Outdated Version

You are viewing an older version of this section. View current production version.

Using Persistent Computed Columns min read


A computed column is a column defined by an expression that uses other columns in the table. SingleStore DB allows users to create persistent computed columns defined by an expression that combines other columns, constants, built-in functions, and operators. SingleStore DB’s computed columns are fully materialized and can be indexed like a standard column.

There are storage and performance tradeoffs to consider when using computed columns. At a high level, computed columns are a way to optimize computationally expensive read queries that use built-in functions or require additional data processing. They allow users to precompute values that would otherwise have to be computed as part of execution of a read query.
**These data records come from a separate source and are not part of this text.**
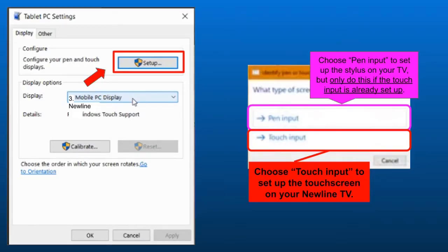However, if you want to use your pen or stylus to annotate to your PC from the TV, for example annotating on a PowerPoint, you'll need to choose pen input, but only do this if the touch input is already set up on your Newline.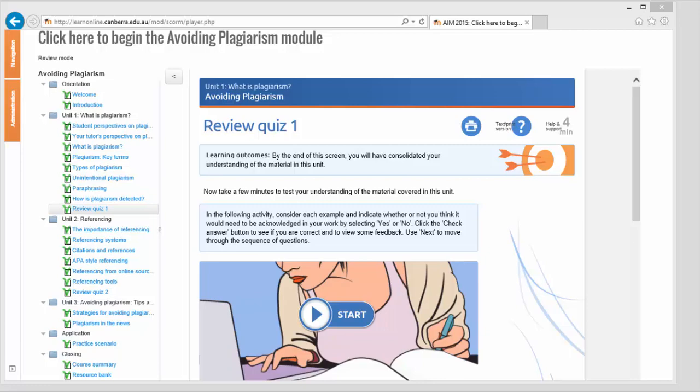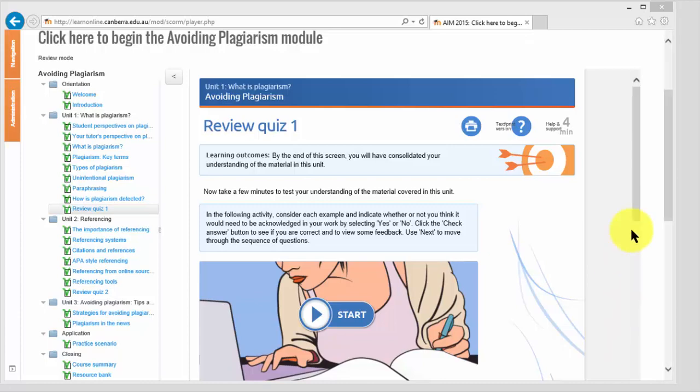Some of your units might contain interactive components which help you understand the concepts or explore different options or test your knowledge. Here is an example.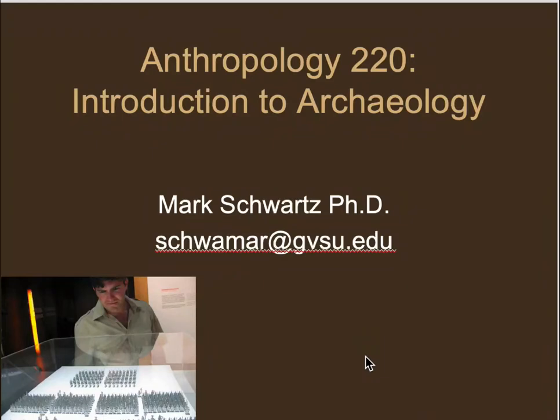Hi, this is Professor Schwartz and welcome to Anthropology 220, Introduction to Archaeology. Today in this video I want to introduce myself a little bit, give you some information about my background and how I became interested in archaeology, and also a little bit about the class and what we'll be doing this semester.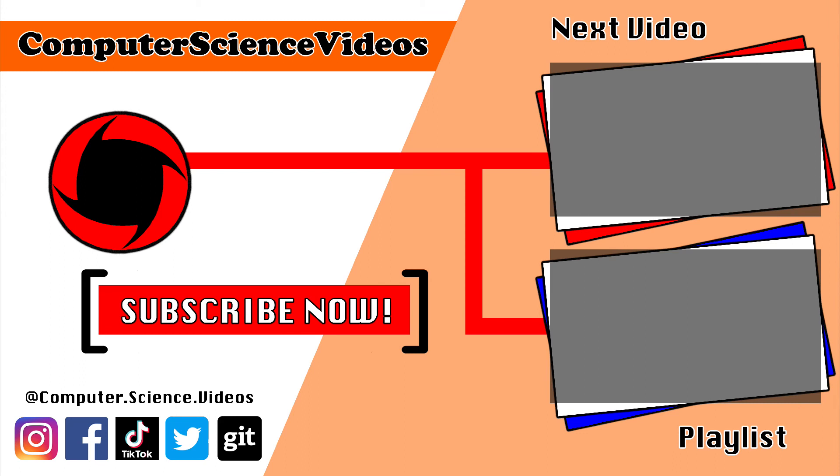Thank you for making it towards the end of the video. Be sure to subscribe to my channel Computer Science Videos. Be sure to check out the previous video on screen now, or you can click on the playlist and watch all the journey for Computer Science Videos from the start until now.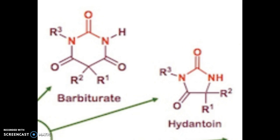So hydantoin has lower mesomeric potential than barbiturate, and it forms a less stable conjugate base as compared to barbiturate. Therefore, hydantoin is less acidic than barbiturate.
However, computed columns also consume additional storage and require more computation on writes. Some example use cases for computed columns include:

  • Parsing JSON blobs for improved read performance
  • Precomputing a value using an expression that includes values from other columns in the table
  • Extracting values from a column, such as a year from a timestamp or a domain from a URL
  • Pre-materializing common expressions in queries allowing them to be used in high-order operations, such as segment elimination or encoded GROUP BYs
  • Using computed columns as sort keys, such as a timestamp type computed column with coarser precision to make subsequent columns useful in a sort key (see Is (insert_datetime6, region_id) a good columnstore key?)
Info

Persistent computed columns cannot be initialized with the NOT NULL constraint.

Computed columns can be created as part of a CREATE TABLE statement, or can be added later using ALTER TABLE.

Computed Column Examples

The following statement creates a table t with an INT column a and a persistent computed column b that is defined using an expression that takes the value in a and adds 1 to it.

CREATE TABLE t (a INT PRIMARY KEY, b AS a + 1 PERSISTED INT);

Inserting values into column a will automatically populate column b using the column definition expression.

INSERT INTO t (a) VALUES (1), (2);

SELECT * FROM t;
****
+---+------+
| a | b    |
+---+------+
| 2 |    3 |
| 1 |    2 |
+---+------+

It is also possible to add a computed column to an existing table using ALTER TABLE.

ALTER TABLE t ADD COLUMN c AS a * 2 - b PERSISTED INT;

SELECT * FROM t;
****
+---+------+------+
| a | b    | c    |
+---+------+------+
| 2 |    3 |    1 |
| 1 |    2 |    0 |
+---+------+------+

Attempts to insert values directly into a computed column will result in an error, even if the values are “correct” with respect to the column definition.

INSERT INTO t (a, b, c) VALUES (3, 4, 2);
****
ERROR 1822 (HY000): Cannot insert into computed column 'b'

A computed column can be created using any expression that outputs a value that is a valid SingleStore DB data type, composed of operators and built-in functions. For example, computed columns allow you to extract values from a JSON blob so they can be scanned and read more quickly. However, note that aggregations, user-defined functions, and non-deterministic functions such as rand() and now() cannot be used in computed columns.

SELECT * FROM j;
****
+---+-------------------------------------------------+
| a | b                                               |
+---+-------------------------------------------------+
| 1 | {"name":"Sandy Beach","occupation":"lifeguard"} |
+---+-------------------------------------------------+
ALTER TABLE j ADD COLUMN occupation AS b::$occupation PERSISTED TEXT;

SELECT  * FROM j;
****
+---+-------------------------------------------------+------------+
| a | b                                               | occupation |
+---+-------------------------------------------------+------------+
| 1 | {"name":"Sandy Beach","occupation":"lifeguard"} | lifeguard  |
+---+-------------------------------------------------+------------+

Modifying values in a column used to define a computed column will also update the affected values in the computed column.

UPDATE j SET b::$occupation = 'circus clown';

SELECT * FROM j;
****
+---+----------------------------------------------------+--------------+
| a | b                                                  | occupation   |
+---+----------------------------------------------------+--------------+
| 1 | {"name":"Sandy Beach","occupation":"circus clown"} | circus clown |
+---+----------------------------------------------------+--------------+